First Author  Durfee C Year  2023
Journal  bioRxiv PubMed ID  36865194
Mgi Jnum  J:334569 Mgi Id  MGI:7461375
Doi  10.1101/2023.02.24.529970 Citation  Durfee C, et al. (2023) Human APOBEC3B promotes tumor heterogeneity in vivo including signature mutations and metastases. bioRxiv
abstractText  The antiviral DNA cytosine deaminase APOBEC3B has been implicated as a source of mutation in many different cancers. Despite over 10 years of work, a causal relationship has yet to be established between APOBEC3B and any stage of carcinogenesis. Here we report a murine model that expresses tumor-like levels of human APOBEC3B after Cre-mediated recombination. Animals appear to develop normally with full-body expression of APOBEC3B. However, adult males manifest infertility and older animals of both sexes show accelerated rates of tumorigenesis (mostly lymphomas or hepatocellular carcinomas).
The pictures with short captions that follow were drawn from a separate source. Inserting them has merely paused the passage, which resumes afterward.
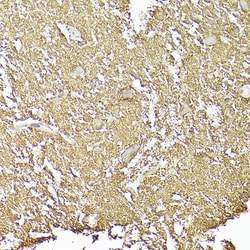 Invitrogen CD90 (Thy1) Recombinant Rabbit Monoclonal Antibody (2V9S6) 100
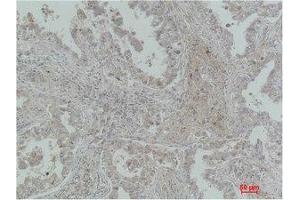 Immunohistochemistry (IHC) analysis of paraffin-embedded Human Lung Carcinoma using MICU1 Monoclonal Antibody. (MICU1 抗体)
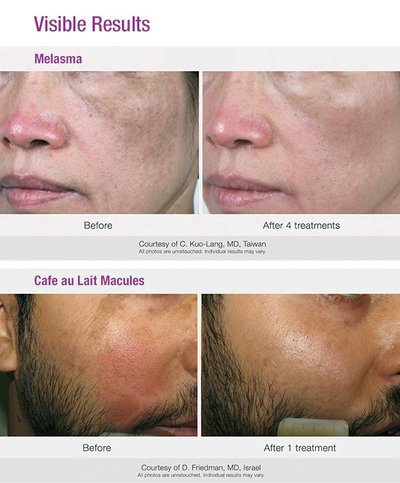 PicoWay melasma treatment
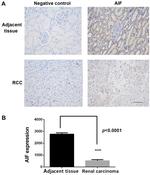 AIF Antibody in Immunohistochemistry (IHC)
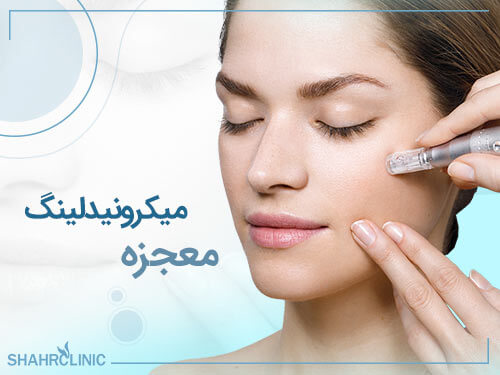 معجزه میکرونیدلینگ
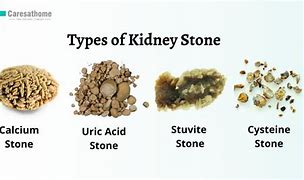 Image result for 1.4 Cm Kidney Stone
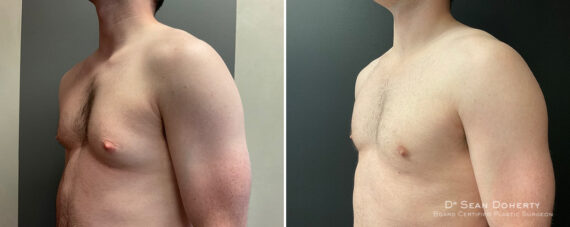 Gynecomastia Before and After Photos in Boston, MA, Patient 11990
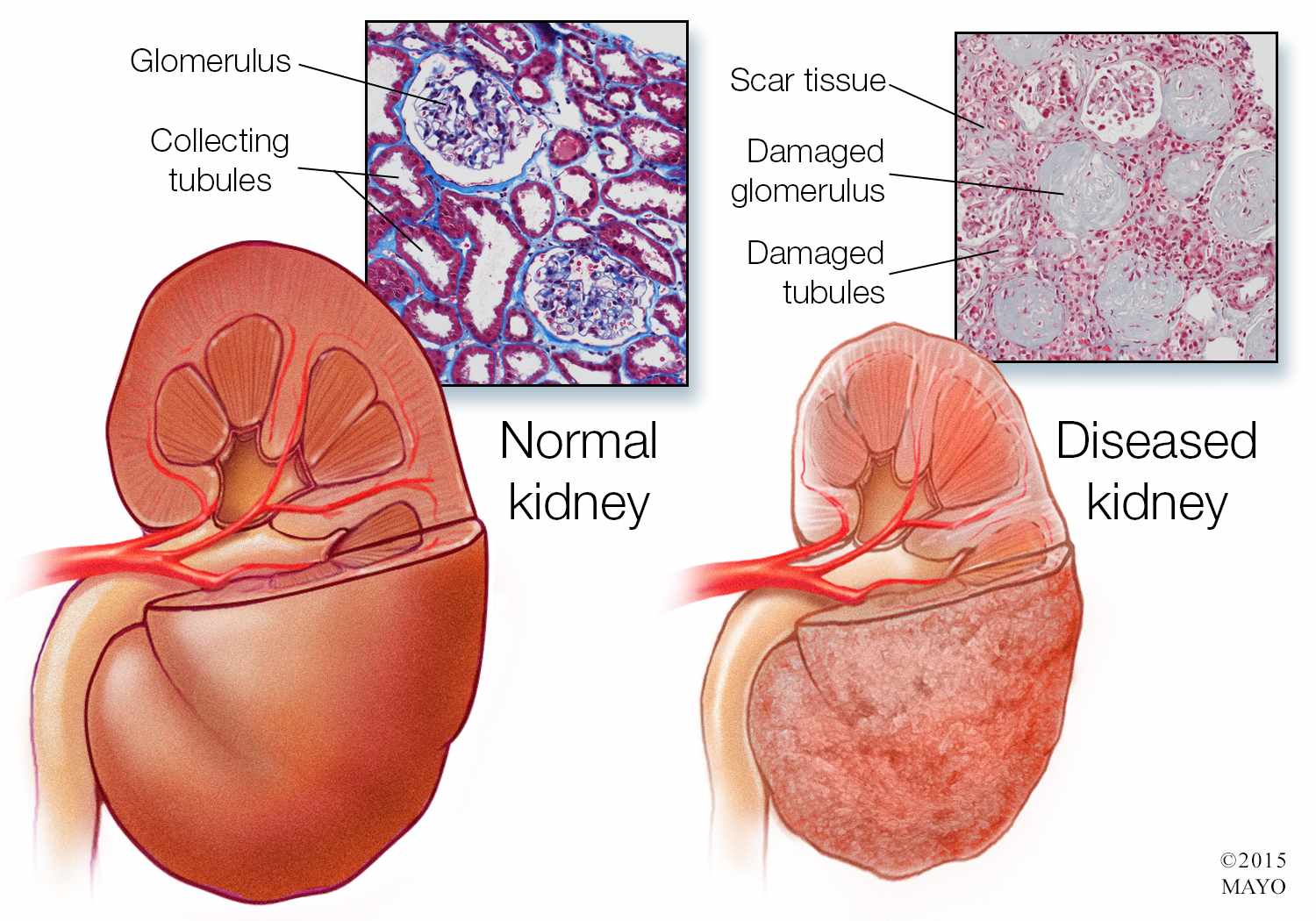 medical illustration of normal kidney and diseased kidney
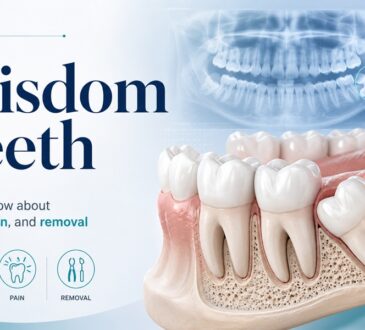 Wisdom Teeth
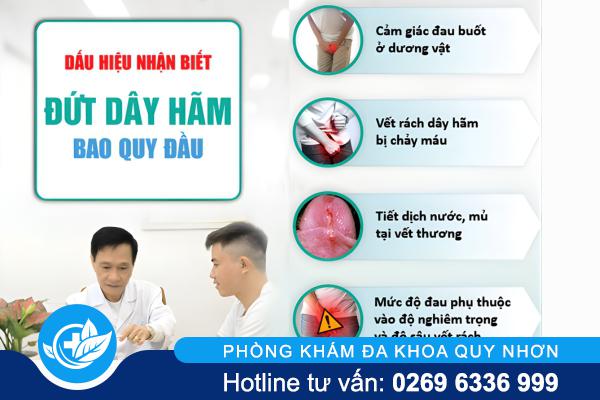 Đứt Dây Hãm Bao Quy Đầu – Nguy Cơ Viêm Nhiễm Và Rối Loạn Chức Năng Sinh Lý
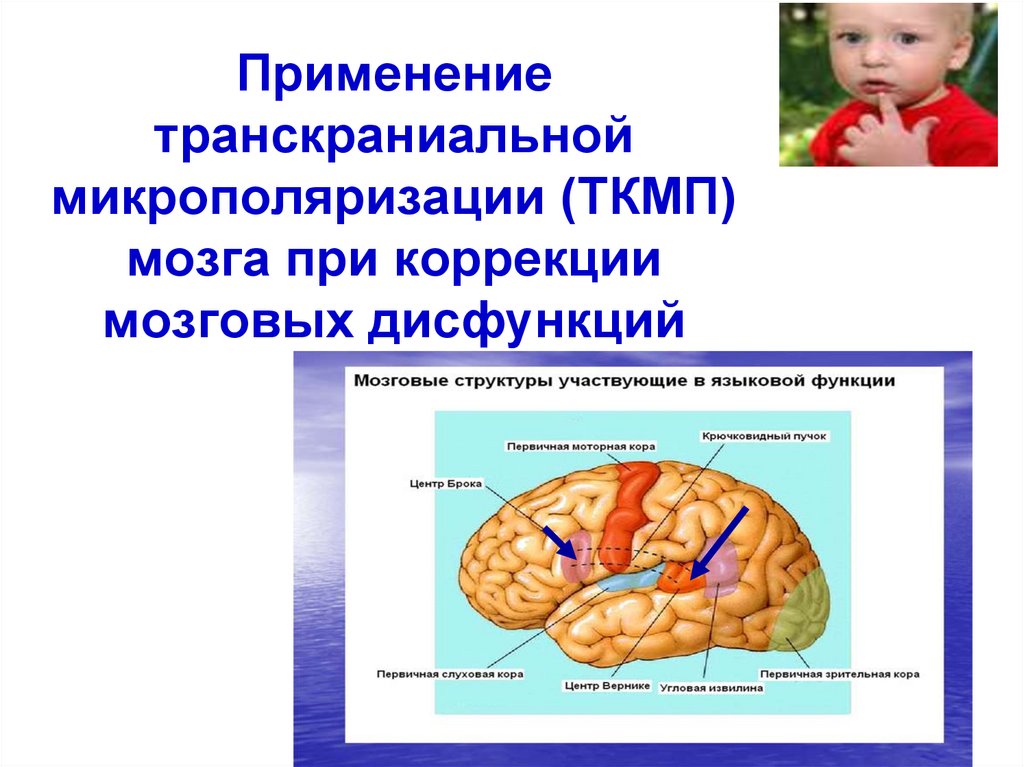 Легкая дисфункция мозга. ТКМП головного мозга у детей. Функциональные нарушения головного мозга. Микрополяризация мозга. Транскраниальной микрополяризации.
Interestingly, primary tumors also show overt heterogeneity, and a subset spreads to secondary sites. Both primary and metastatic tumors exhibit increased frequencies of C-to-T mutations in TC dinucleotide motifs consistent with the established biochemical activity of APOBEC3B. Elevated levels of structural variation and insertion-deletion mutations also accumulate in these tumors. Together, these studies provide the first cause-and-effect demonstration that human APOBEC3B is an oncoprotein capable of causing a wide range of genetic changes and driving tumor formation in vivo .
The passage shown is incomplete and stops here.